Mittwoch, 18. September 2013

Geist in der Maschine, Geist in der Mühle

Der Geist von Piet Mondrian
lebt und arbeitet in meinem Laptop.
Mit Schrecken stellte ich am Montag fest, dass der Laptop ein kreatives Eigenleben zu führen scheint: Er produziert jetzt grau-schwarze Balken, die einem Mondrian zur Ehre gereicht hätten. Nur mit einer punktgenauen Rückenmassage lässt er sich vorübergehend zu Dienst nach Vorschrift überreden!
Wer sponsert mir einen neuen?
War am Montag beim Computernotdienst in Bergedorf, doch der Computerdoktor weilt ohne Vertretung auf Urlaub. Seine netten Kollegen beruhigten mich mit der Aussicht auf eine kostspielige Reparatur, für die auch Teile umständlich zu bestellen wären - ich probiere es daher weiterhin mit Reflexzonenmassage, Voodoo und homöopathischen Klapsen - mit erstaunlichem Erfolg. Dass nun auch das Internet lahmt, macht die Schloss-Schreiberei noch einen Deut herausfordernder.

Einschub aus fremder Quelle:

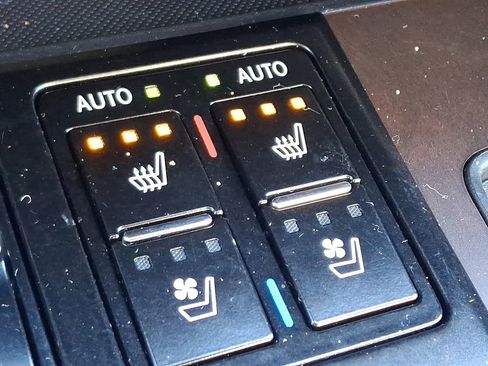 Used 2022 Lexus RX 350 AWD w/ Premium Package image 27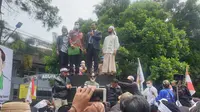 Wakil Bupati Garut Helmi Budiman bersama pembina Almagari KH Abdul Mujib tengah menenangkan massa demo penolakan NII, serta desakan keluarnya Perda anti radikalisasi dan Intoleransi. (Liputan6.com/Jayadi Supriadin)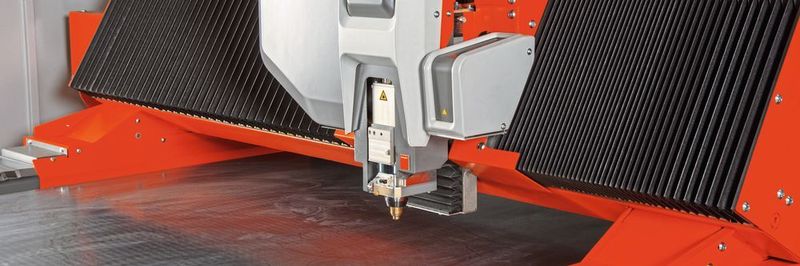 Schlank, sicher, wirtschaftlich: optimierter Schneidkopf mit integrierten Bauelementen und verbesserter Kühlung für Faserlaser mit 12 kW Leistung.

Statt zu jammern ging ich lieber feiern. Ella hatte Geburtstag und lud zu vegetarischer Pizza und gutem Wein. Mein Fahrrad durfte auch gleich dort übernachten, denn ihre Freundin Fee führte mich nach Hause. Ihr Navi scheint ebenso kreativ zu sein wie mein Laptop und hatte offensichtlich die Idee, eine Fahrtroute in Form eines Wollknäuels zu gestalten. Oder es suchte die Route nach anderen Parametern aus, die mir nicht nachvollziehbar waren (mögliche Varianten: Straßen dem Alphabet nach auszuwählen oder im Zweifelsfall immer die engere zuerst o.ä.) Als Ortsfremde wagte ich Fees Navi nicht zu widersprechen, obwohl ich ganz anders gefahren wäre. Heimgekommen bin ich jedenfalls. 

Der gestrige Tag begann also mit einem Fußmarsch zur Bergedorfer Mühle, wo ich mich spontan in eine Kindergruppe integrierte und deren Führung mitmachte. Bruno Kluß zeigte uns das Innere der Mühle und erklärte ihre Funktionsweise. 

Die Kinder durften auch selbst Mehl mahlen, ich hielt mich dezent im Hintergrund, um mich nicht zu blamieren und staubig zu machen. In Kindergruppen lassen sich generell drei Typen ausmachen:
a) Brave, die zuhören und mitgehen
b) Schlimme, die herumblödeln und stören
c) Interessierte und/ oder Ehrgeizige, die Fragen stellen, beantworten und die Vortragenden gegebenenfalls auch korrigieren. Ist sicher ein nettes Gefühl, sich als pensionierter Techniker vor einer ganzen Klasse samt knackigen jungen Lehrerinnen von einer 7-Jährigen "ausbessern" zu lassen und dann keine Zeit mehr bleibt, angemessen zu reagieren...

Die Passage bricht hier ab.